来てみんさい、広島へ 5 ~パンに向ける愛~
観音のTROUVERの、じゃがいもパンが好きだ。
トースターで温め直して、よつ葉バターを塗ってかじる。
外側は少し堅めで歯ごたえがある。しかし内側はふわふわだ。
ただ柔らかいだけではない。ふんわりとした感触だがしっとりとしていて、
僅かにもっちり感も存在している。
その絶妙なバランスが好きだ。
バターを足してやると、そこにほんのり塩気と油分が加わって。
ひとくち食べる度に、なんとも幸せな気持ちになる。
他にも美味しいパンは色々とあるのだけれど…
このじゃがいもパンが一等好きだ。
比較的シンプルで、パン自体の味を楽しめるものが好みなんだろう。
古江のMehlなら、カンパーニュが好きだ。

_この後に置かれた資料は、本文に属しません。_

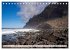 Kanarische Inseln: La Gomera... - Bild 4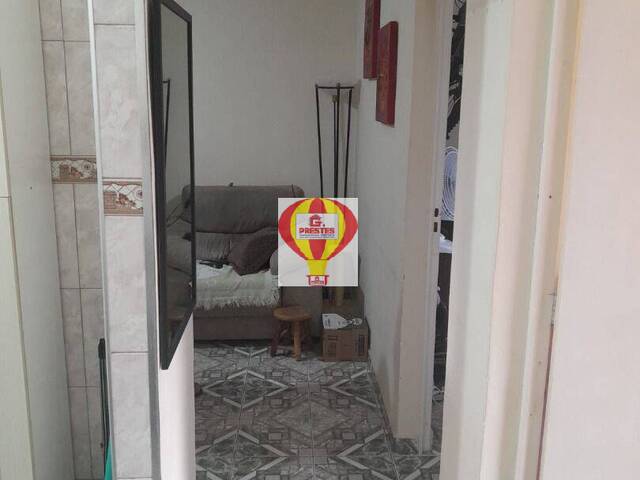 Apartamento para Venda em Sorocaba - 2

この店に行くと総菜パンには目もくれず、カンパーニュだけ買って帰るくらいに好きだ。
厚めにスライスし、軽くトーストする。
そして熱いうちにバターをたっぷり塗る。
とろけ始めたバターと一緒にかぶりつくと、うっとりしてしまう。
ハムやベーコンといった余計な物はなくていい。
むしろ邪魔だ。
シンプルにこれだけで、至福の時間が味わえる。
ひとくち食べるごとに、なんて美味しいんだろう…と幸福な気持ちになって。
気づけば、次の1枚をトースターに放り込んでいる。
他に、1口ごとに幸せを噛みしめるパンと言えば…
安佐南区の山奥にある、カドナ。
ここのモッツァレラチーズとハムのごくシンプルなバケットサンド。
ただのパンなのに、どうしてだろうと不思議な気持ちになる。
口にするごとに、舌にパンの旨みが伝わってきて…
思い出しながら、溜息をついてしまった。
食べたい、近所にないのが辛い。
今はもう無いけれど、ベッカライアインのチャバタもそうだった。
日によってばらつきはあるけれど。
最高に美味しい日はこれまた1口ごとに「美味しい…」と
言わなければ気が済まなかったし。
ここの全粒粉のクロワッサンも、仄かな酸味があって好きだった。
大御所アンデルセンでは、デンマークフェアで限定販売されていた石窯パン。
たまたま何の気なしに選んだこれが、アンデルセン歴最大のヒットだった。
うっすらバターを塗って。
デパ地下(広島そごう)でゲットしたちょっと良いハムと
カマンベールチーズ(シャレオのジュピター)をのっけて食べると。
これが絶妙にマッチしていて。おいしいおいしいと、浮かれて食べた。
そして数日後。
「またあのパンを買うぞ」といそいそアンデルセンに向かったのだけれども。
同じ物がどこにも見当たらない。
店員さんにこんな色でこんな味で…と説明して尋ねてみると。
申し訳なさそうに「デンマークフェアの限定品だったので…もう終わってしまったんです…」と教えてくれて。
物凄くがっかりしたのだった。
もしこのパンを見かける事があったら。
ぜひ美味しいハムとカマンベールチーズと一緒に食べて欲しい。
それだけでご馳走気分になれるから。
さっきお昼にTROUVERのじゃがいもパンを食べて。
その時の幸せな気持ちのままに一気に書いてしまったけれど。
舌の合いそうな人は、広島に立ち寄る事があればぜひ試して欲しい。